JOSEPH CAMPBELL: I will participate in the game. It’s a wonderful, wonderful opera, except that it hurts. And that wonderful Irish saying, you know, “Is this a private fight, or can anybody get into it?” This is the way life is, and the hero is the one who can participate in it decently, in the way of nature, not in the way of personal rancor, revenge or anything of the kind.

Let me tell you one story here, of a samurai warrior, a Japanese warrior, who had the duty to avenge the murder of his overlord. And he actually, after some time, found and cornered the man who had murdered his overlord. And he was about to deal with him with his samurai sword, when this man in the corner, in the passion of terror, spat in his face. And the samurai sheathed the sword and walked away. Why did he do that?

BILL MOYERS: Why?

JOSEPH CAMPBELL: Because he was made angry, and if he had killed that man then, it would have been a personal act, of another kind of act, that’s not what he had come to do.

The samurai’s mission was not simply to kill the murderer, but to honor his master and fulfill his duty. Killing the murderer out of anger would not have fulfilled the intrinsic call of his duty. To an observer, whether he killed the culprit motivated by honor or anger, it wouldn’t have mattered.
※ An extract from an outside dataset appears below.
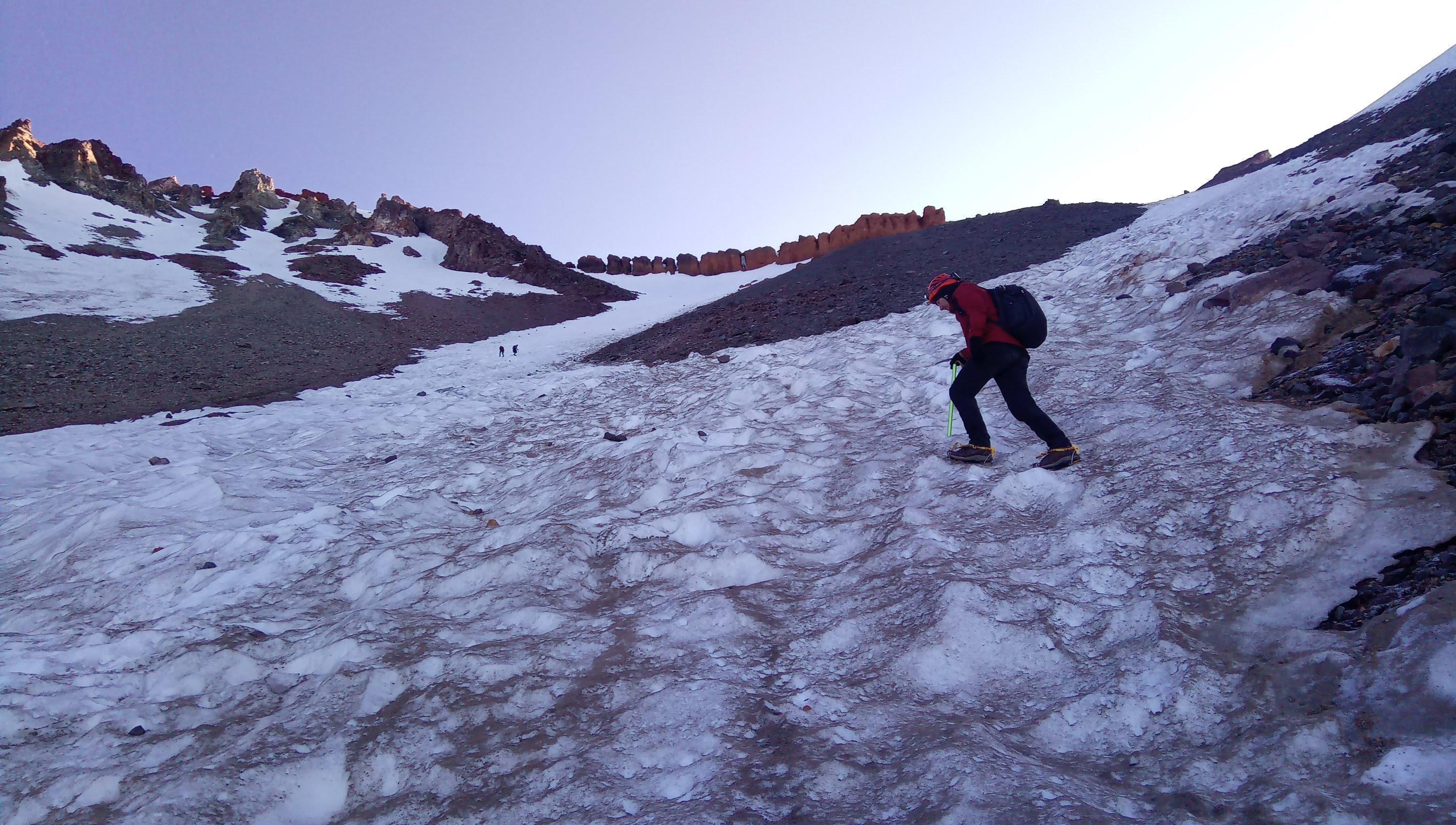 Threading through the dusty snow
The murderer would be dead either way.

But to the samurai, his own motivation made all the difference. He needed a crystal clear answer for why he was taking action, and a reactive response out of anger would not only be dishonorable, it would negate the reason for his quest.

You can choose your response. You can observe an unhelpful emotion take hold, but you don’t have to react. You always can choose to act in a way that honors the vision of the person you truly want to be.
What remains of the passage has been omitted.